California and Ukraine are linked via the Guard’s State Partnership Program, with Baldwin talking on the phone with Ukrainian military leaders daily since Russia invaded Feb. 24.
Last Thursday, Lt. Col. Brandon Hill, a California Guard spokesperson, noted the White House and the Pentagon have the final say on giving Ukraine Western fighters.
Hill said making Ukraine “NATO-interoperable” might include opportunities to operate Western platforms.
Ukraine is not currently a NATO member.
Since the conflict’s start, Ukraine's government has begged Western leaders for aircraft, artillery and other weapon systems for repelling Russian forces.
Western nations have hesitated to grant every request for fear of a wider conflict, including one with nuclear weapons.

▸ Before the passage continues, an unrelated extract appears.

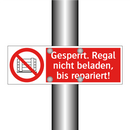 Gesperrt. Regal nicht beladen, bis repariert!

On Thursday, Baldwin said the California Guard is helping Ukraine’s government improve its weapon demands to Western nations.
Baldwin said Ukraine’s past as a former Soviet state make MiGs and other Soviet-era weapon systems the best short-term fit for its military.
“When it comes to the aircraft, we’re steering them to those MiGs first,” he said Thursday. “It’s because so many of their airmen and soldiers are already training on those systems.”
“A lot of the stuff in the manuals comes in Cyrillic and they can read them,” Baldwin continued. “The learning curve is a little bit less.”
Baldwin suggested Western aircraft may become more feasible for Ukraine if the conflict drags on.
“But then there’s an over-the-horizon discussion,” he said. “In the mid-term, over the course of the next six months to a year and then the long term, what’s in the realm of possibility for systems that will be effective, available and affordable for them?”
In March, the U.S. scrapped a three-way deal involving Poland and Ukraine that would have provided Kyiv with MiGs.
But the West has gradually supplied Ukraine with more advanced weapons as Russia’s advance continues.
For instance, President Joe Biden announced last week Ukraine would receive more advanced rocket systems and precision-guided munitions.